▶ Work to complete: Give the entries again exactly as they appear, but without the images.

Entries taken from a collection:
:::
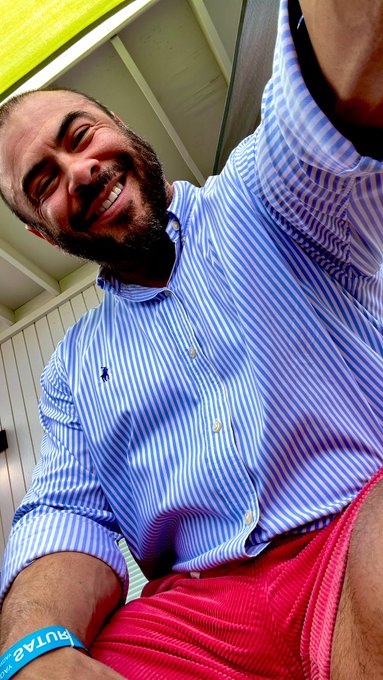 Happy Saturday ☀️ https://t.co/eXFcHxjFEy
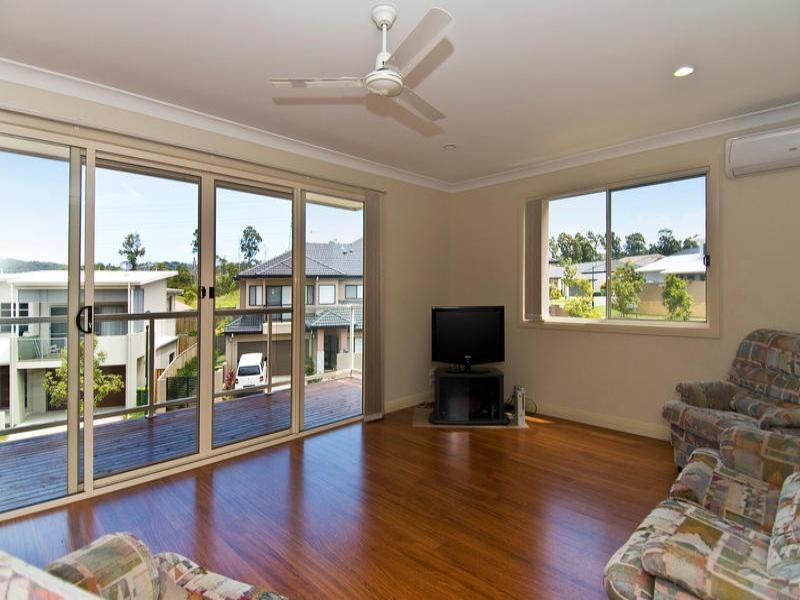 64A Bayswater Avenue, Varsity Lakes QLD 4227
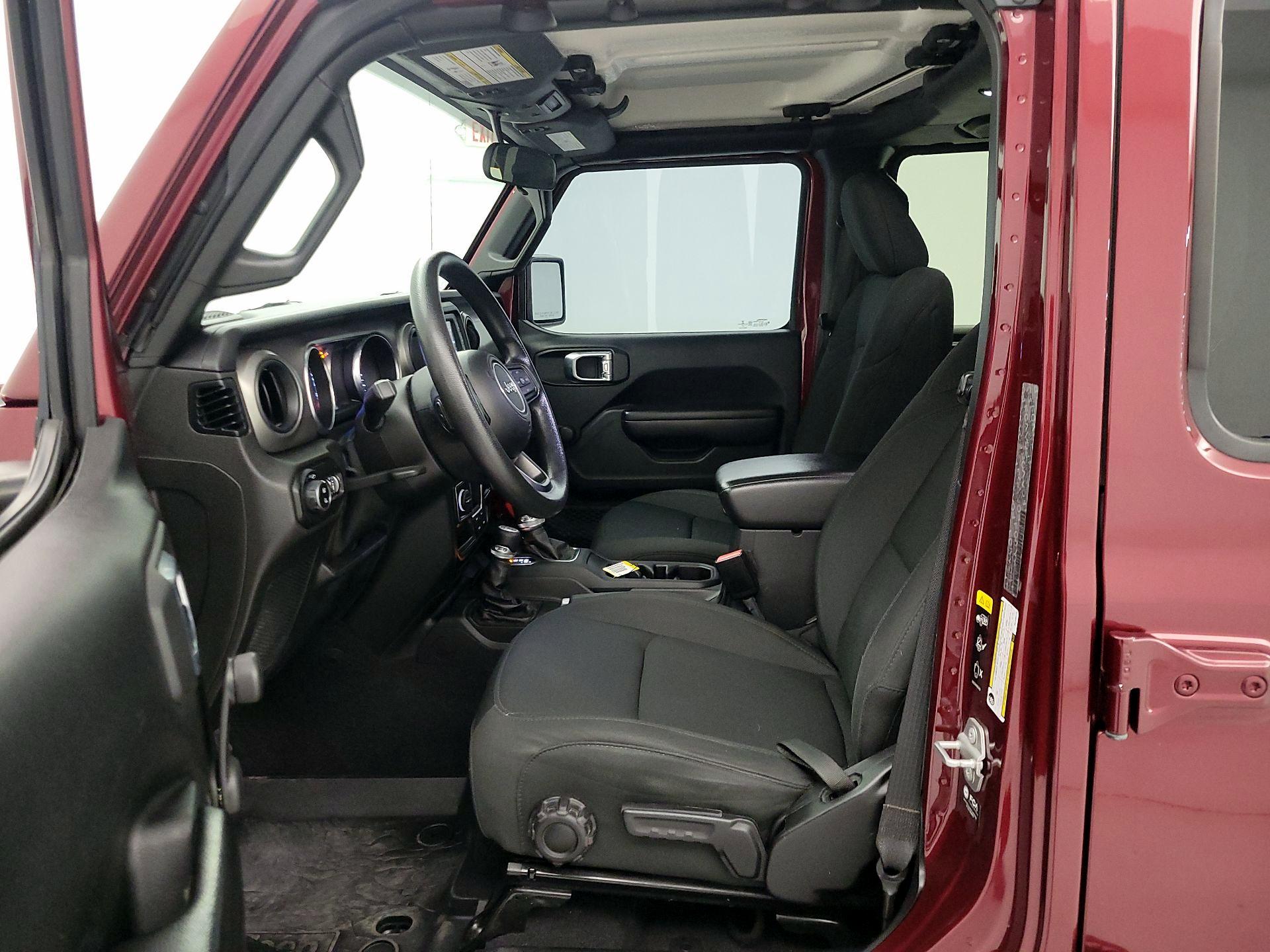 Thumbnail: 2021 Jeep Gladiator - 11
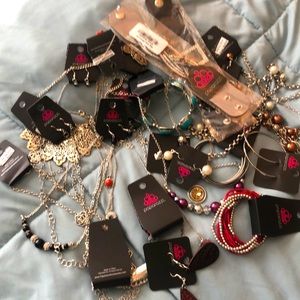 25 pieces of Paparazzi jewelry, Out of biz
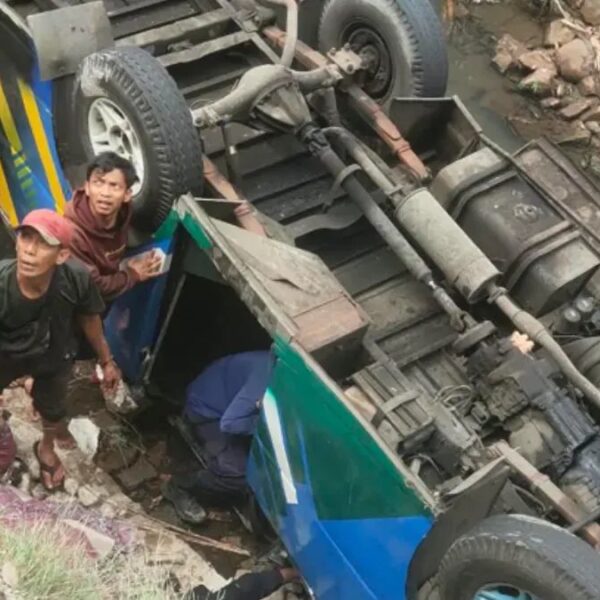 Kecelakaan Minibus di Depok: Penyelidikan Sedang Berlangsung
:::
▶ Answer to the exercise:
 Happy Saturday ☀️ https://t.co/eXFcHxjFEy
 64A Bayswater Avenue, Varsity Lakes QLD 4227
 Thumbnail: 2021 Jeep Gladiator - 11
 25 pieces of Paparazzi jewelry, Out of biz
 Kecelakaan Minibus di Depok: Penyelidikan Sedang Berlangsung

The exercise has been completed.